Aim: Berberine (BBR) acts as a tumor suppressor in different cancer cells. Our paper exerted efforts to discover the effect of BBR on cervical cancer.

Methods: Human cervical cancer cell lines SiHa and Ca Ski were treated with different concentrations of BBR. Cell viability, apoptosis, migration and invasion were detected by MTT assay, flow cytometry, wound healing assay, and Transwell assay, respectively. Expressions of Bcl-2-associated X protein (Bax), Bcl-2, cleaved (C) caspase-3 and epithelial-mesenchymal transition (EMT)-related proteins were measured by quantitative real-time polymerase chain reaction (qRT-PCR) and Western blot. Keratin 17 (KRT17) expression in cervical cancer was identified by GEPIA2 and qRT-PCR. Rescue assay was then performed to assess the functional interaction between BBR and KRT17.

Results: Human cervical cancer cell viability, migration, and invasion were inhibited by BBR. BBR promoted cell apoptosis by increasing Bax and C caspase-3 expressions and decreasing Bcl-2 expression. Besides, BBR inhibited EMT in cells by decreasing the expressions of MMP-9, N-cadherin and Vimentin and increasing E-cadherin expression. Effects of BBR on cervical cancer cells were in a dose-dependent manner. Higher expression of KRT17 was found in cervical cancer SiHa and Ca Ski cells. BBR rescued the effects of KRT17 on promoting cell viability, metastasis, and the expressions of Bcl-2, MMP-9, N-cadherin and Vimentin, and suppressing apoptosis and the expressions of Bax, C-caspase-3 and E-cadherin.
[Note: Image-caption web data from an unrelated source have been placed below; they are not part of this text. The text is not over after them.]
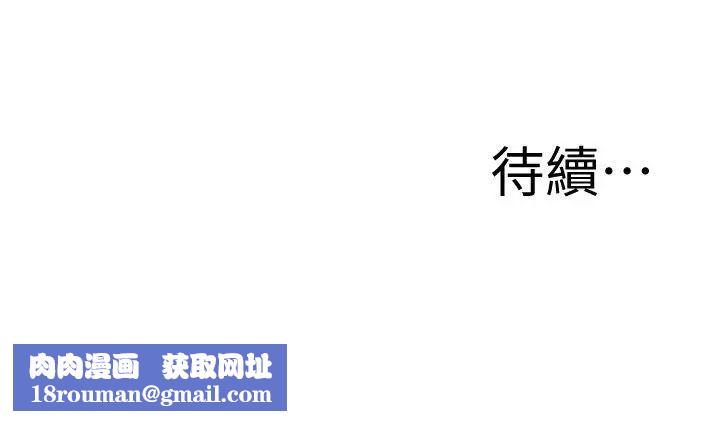 媳妇的诱惑第2话-慾求不满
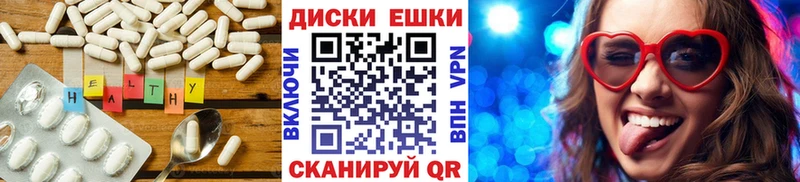 цены наркотик  Липки  ЭКСТАЗИ Дубай 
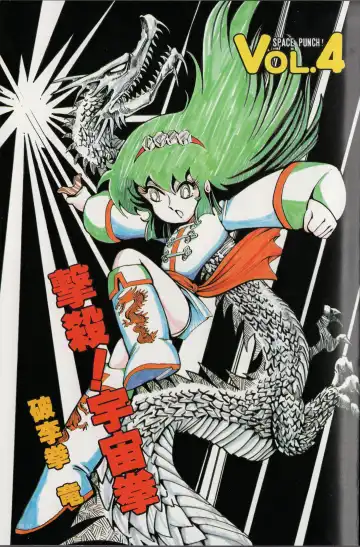 [Hariken Ryuu] Gekisatsu  Uchuuken 4 Fhentai - Page 5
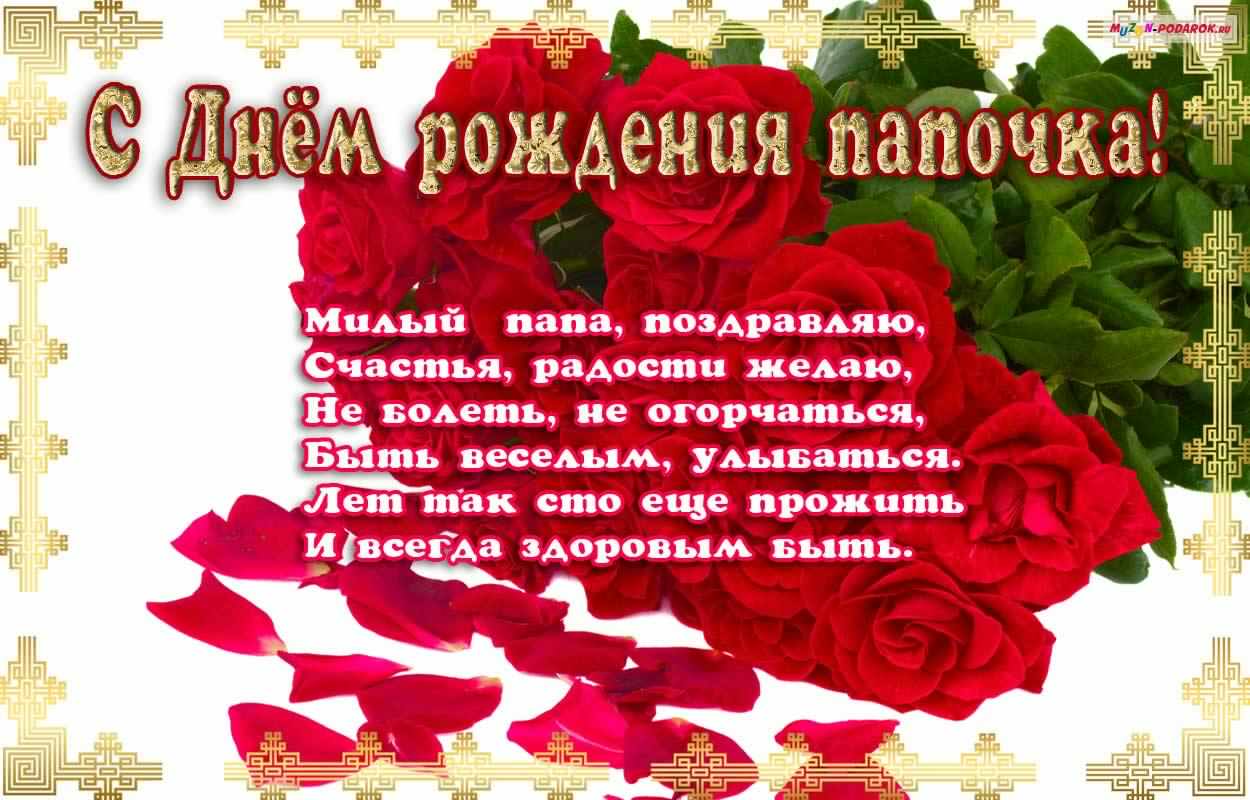 папа, с днем рождения.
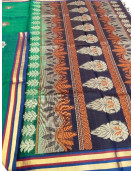 NEGAMUM COTTON SAREES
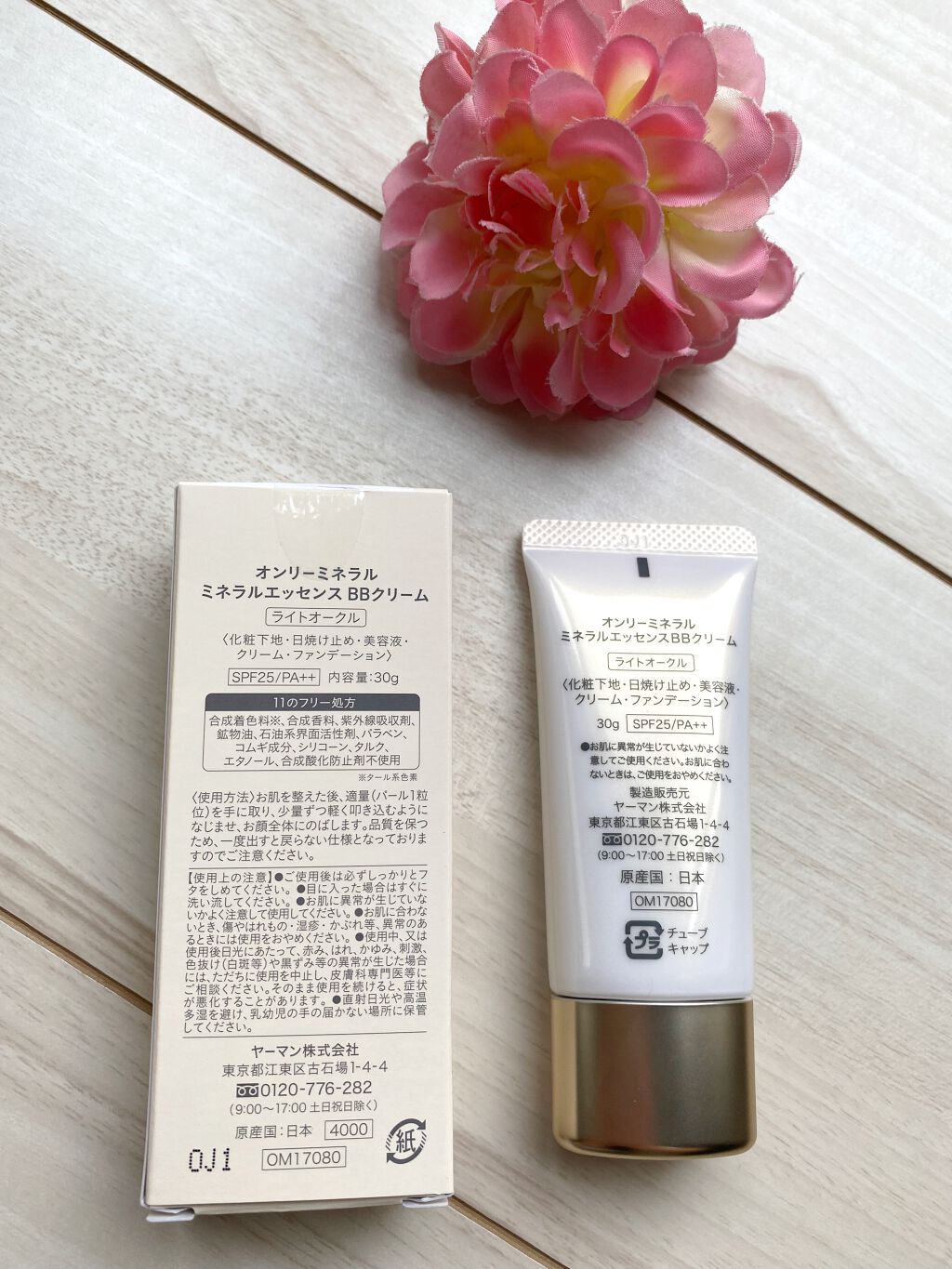 ミネラルエッセンスBBクリーム/ONLY MINERALS/BBクリームを使ったクチコミ(2枚目)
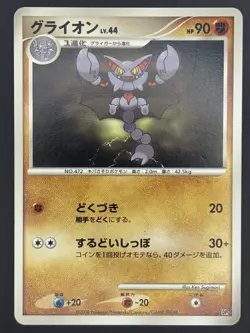 Gliscor lv.44 DP5 Heatran vs regigigas deck kit Japanese pokemon card - Image 1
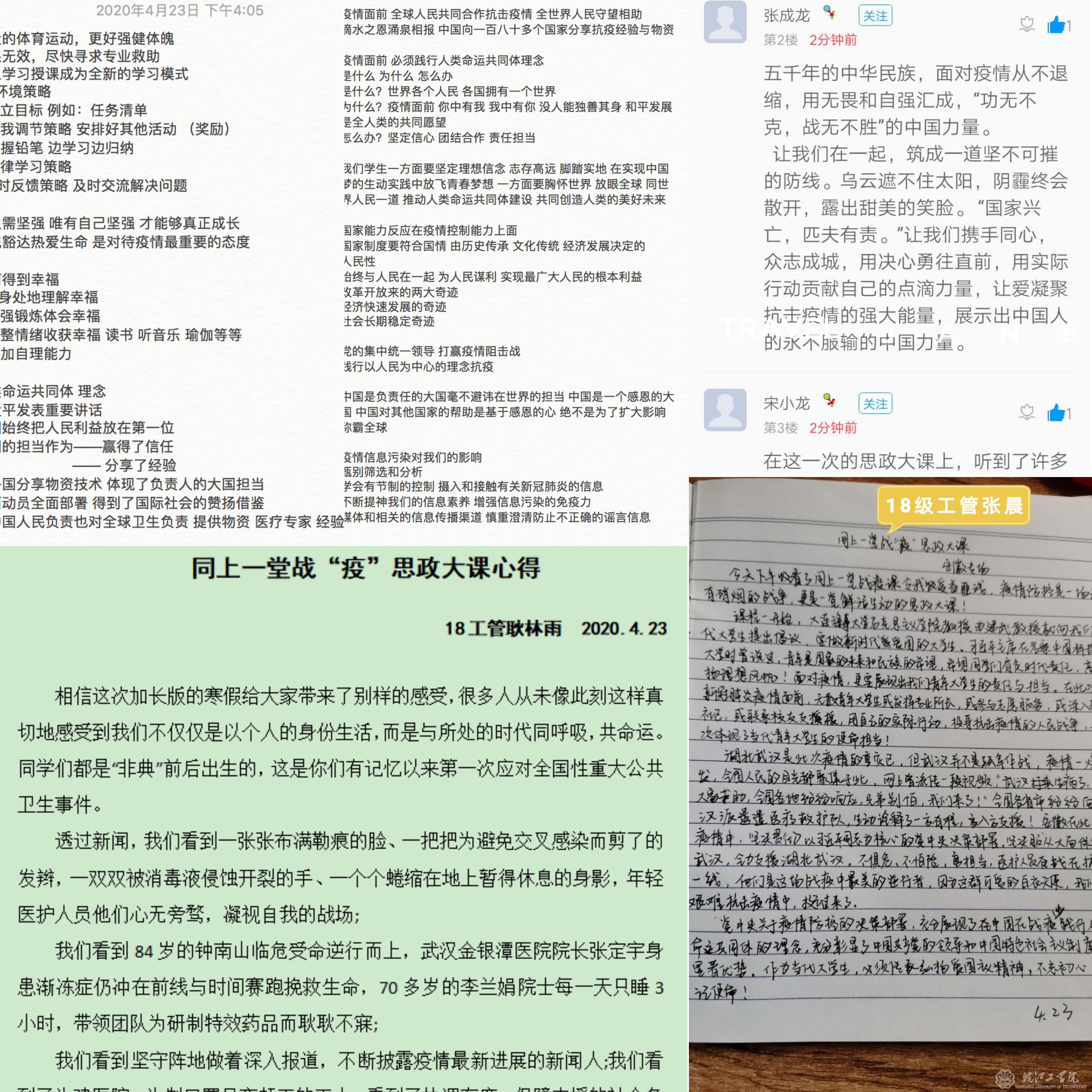 今年会师生同上一堂战“疫”思政大课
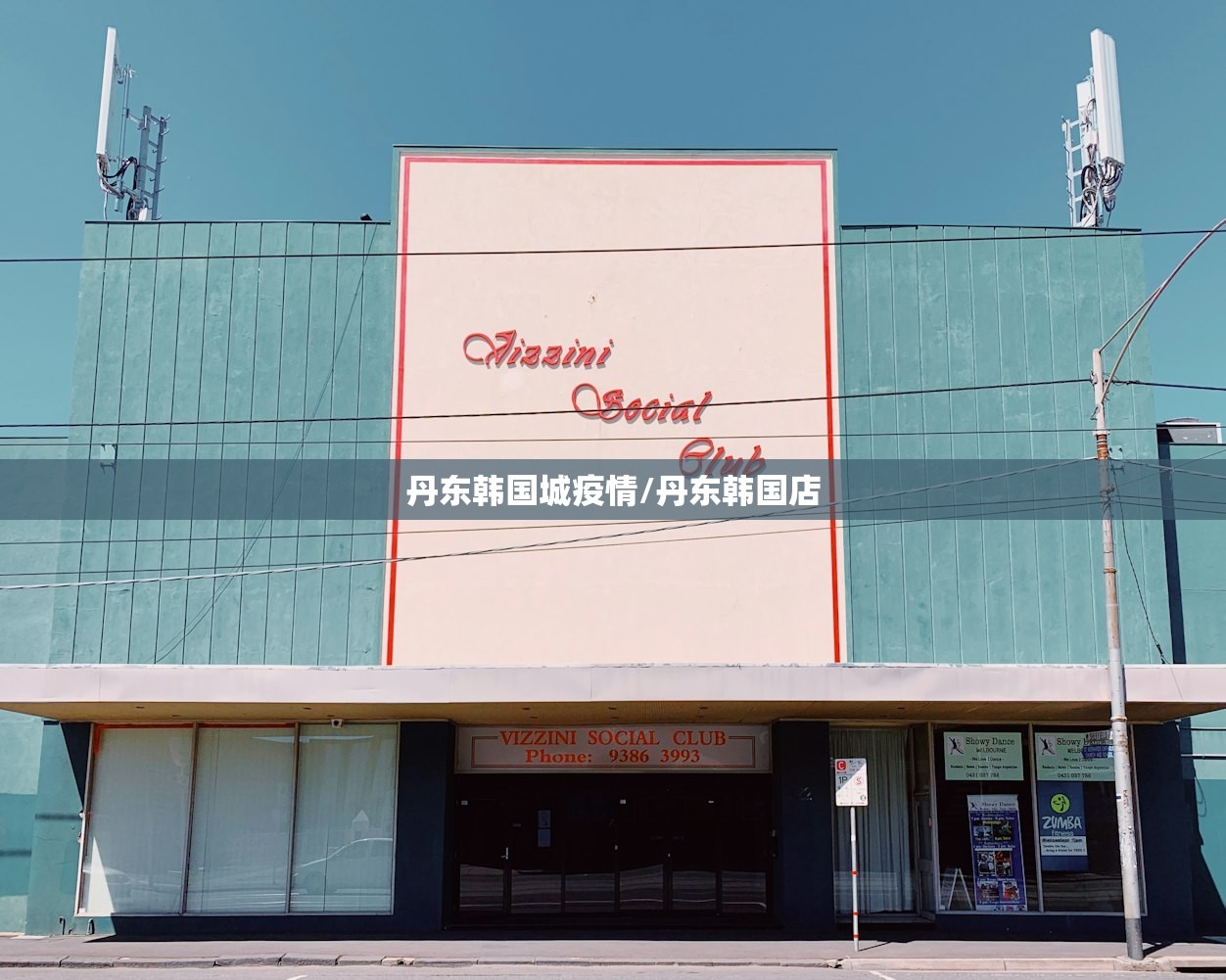 丹东韩国城疫情/丹东韩国店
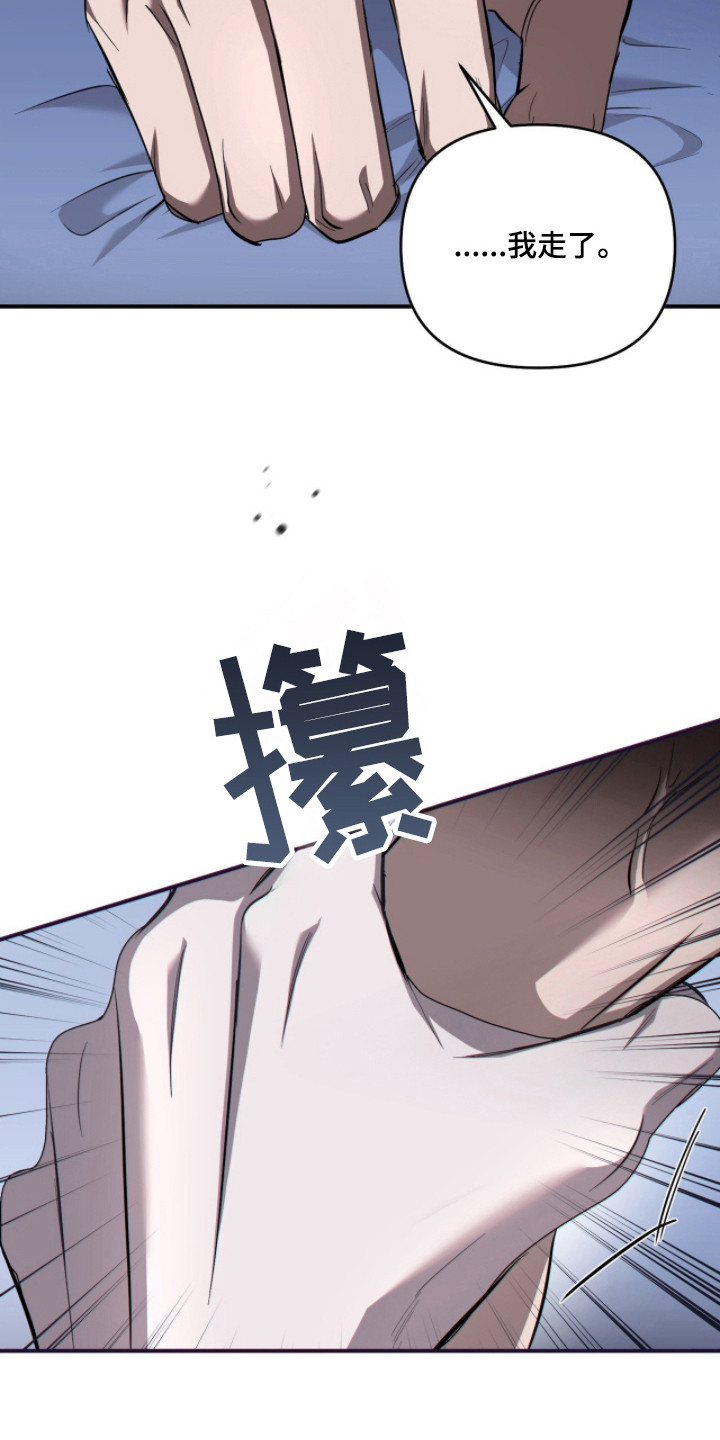 命运击绊漫画,第69章：突然冷漠5图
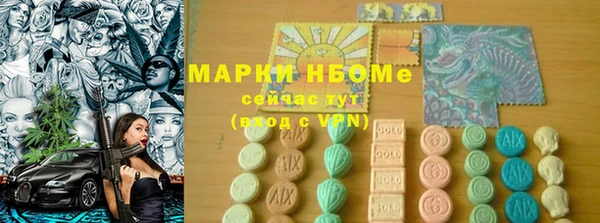 спиды Аркадак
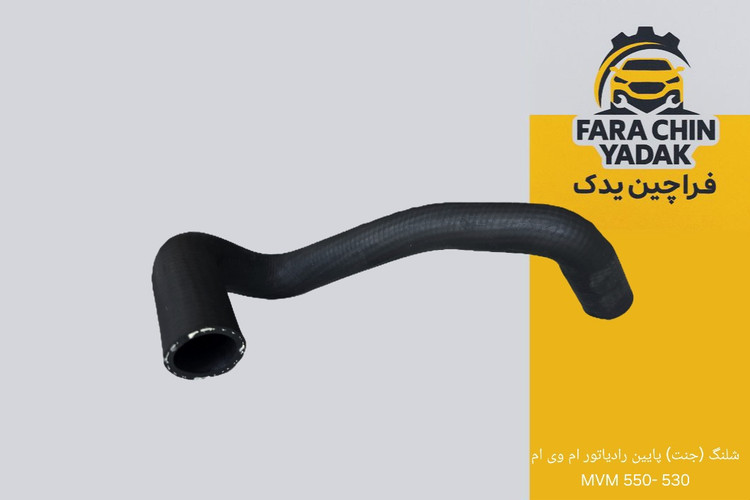 شلنگ (جنت) پایین رادیاتور ام وی ام 530 -550 MVM
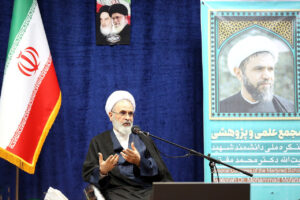 آیت الله اعرافی در دیدار اعضای کنگره شهید مفتح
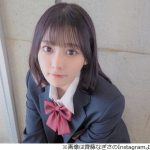 【芸能】齊藤なぎさ、“高校の先輩”畑芽育の第一印象は「フランス人形おった」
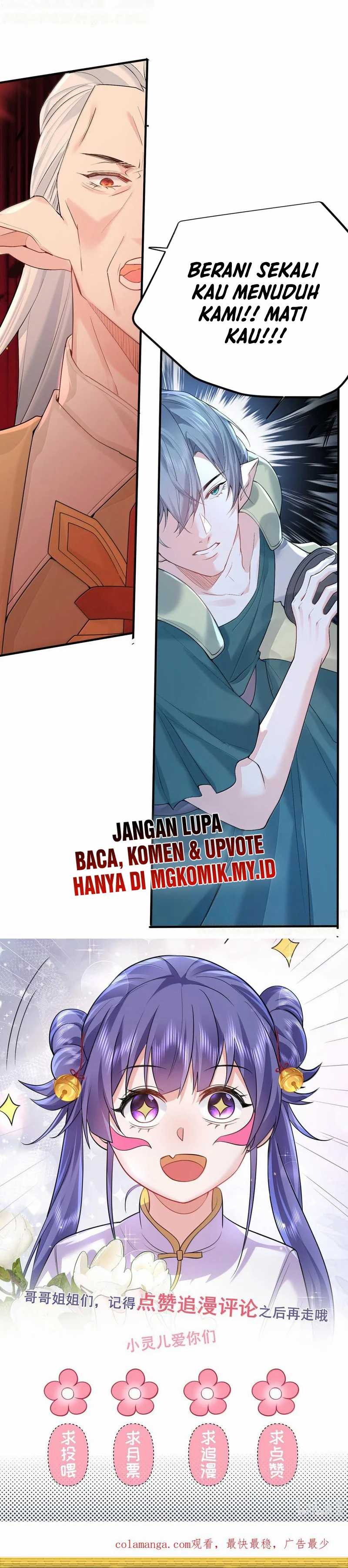 Am I Invincible Chapter 308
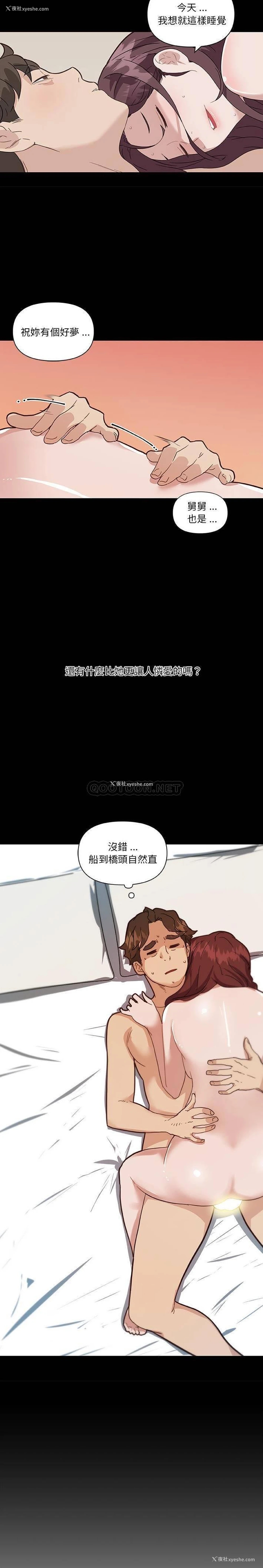 15P - 恋你如初恋（神似初恋的她）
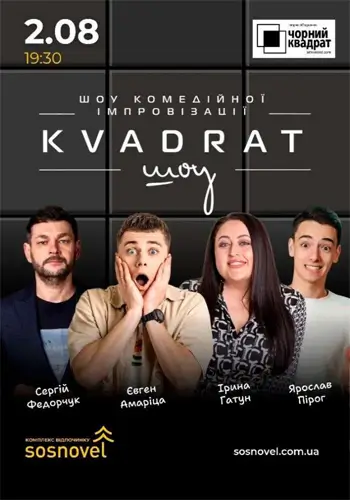 KVADRAT ШОУ у Sosnovel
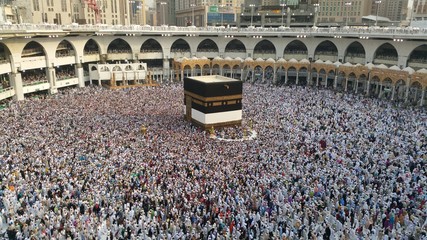 MECCA, SAUDI ARABIA,  August 2019 - Muslim pilgrims from all over the world gathered to perform...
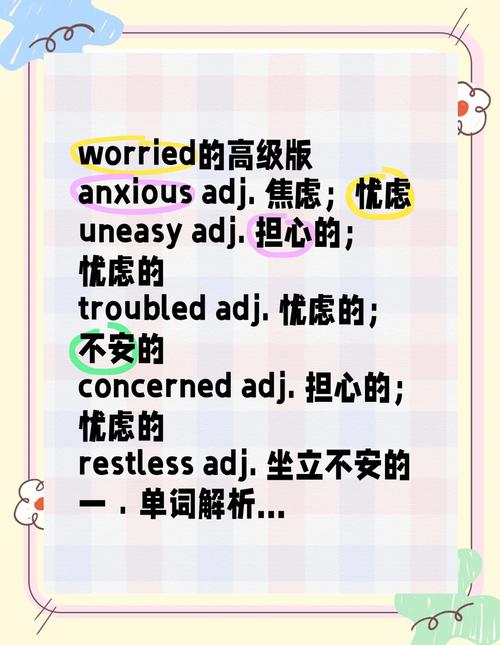 anxiety是什么意思_anxiety pronunciation and phonetics_anxiety definition and meaning
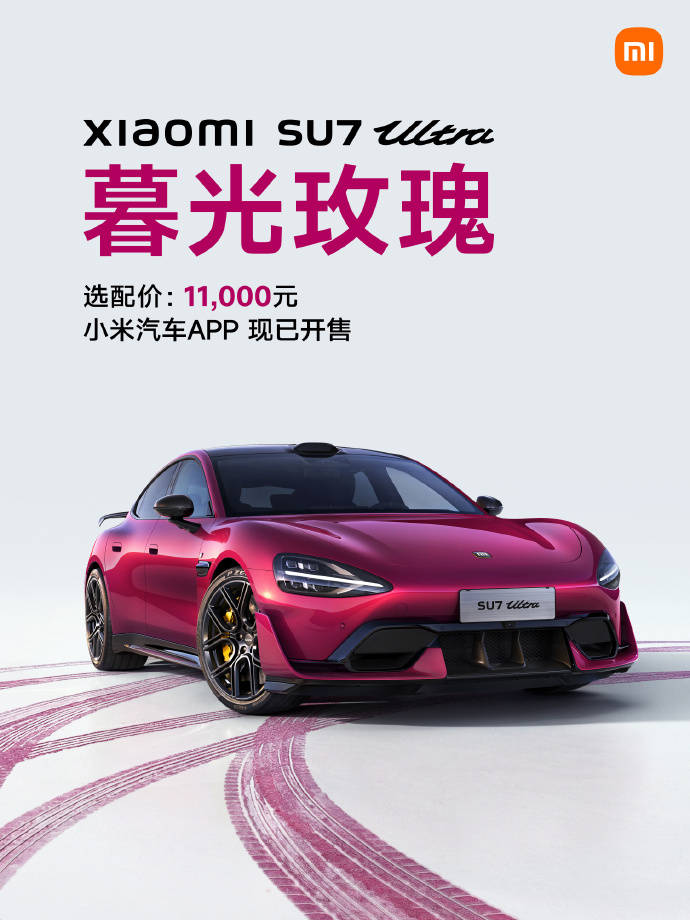 小米SU7Ultra新增暮光玫瑰车漆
Conclusion: BBR inhibited cervical cancer cell viability, metastasis and EMT but promoted cell apoptosis via suppressing KRT 17 expression.

小檗碱调节角蛋白17抑制宫颈癌细胞活力和转移。
目的:小檗碱(Berberine, BBR)在不同的肿瘤细胞中具有抑瘤作用。我们的研究旨在发现BBR对宫颈癌的作用。方法:用不同浓度的BBR处理人宫颈癌细胞株SiHa和Ca Ski。分别采用MTT法、流式细胞术、创面愈合法和Transwell法检测细胞活力、凋亡、迁移和侵袭。采用定量实时聚合酶链式反应(qRT-PCR)和Western blot检测Bcl-2相关X蛋白(Bax)、Bcl-2、cleaved (C) caspase-3和上皮-间质转化(EMT)相关蛋白的表达。应用GEPIA2和qRT-PCR检测宫颈癌组织中Keratin 17 (KRT17)的表达。然后进行拯救实验来评估BBR和KRT17之间的功能相互作用。结果:BBR能抑制人宫颈癌细胞的活力、迁移和侵袭。BBR通过增加Bax和C caspase-3的表达,降低Bcl-2的表达,促进细胞凋亡。此外,BBR通过降低细胞中MMP-9、N-cadherin和Vimentin的表达,增加E-cadherin的表达来抑制细胞中的EMT。BBR对宫颈癌细胞的影响呈剂量依赖性。KRT17在宫颈癌SiHa和Ca Ski细胞中表达较高。BBR恢复了KRT17促进细胞活力、转移和Bcl-2、MMP-9、N-cadherin、Vimentin表达,抑制细胞凋亡和Bax、C-caspase-3、E-cadherin表达的作用。结论:BBR通过抑制krt17的表达,抑制宫颈癌细胞活力、转移和EMT,促进细胞凋亡。
本文章由计算机程序翻译,如有差异,请以英文原文为准。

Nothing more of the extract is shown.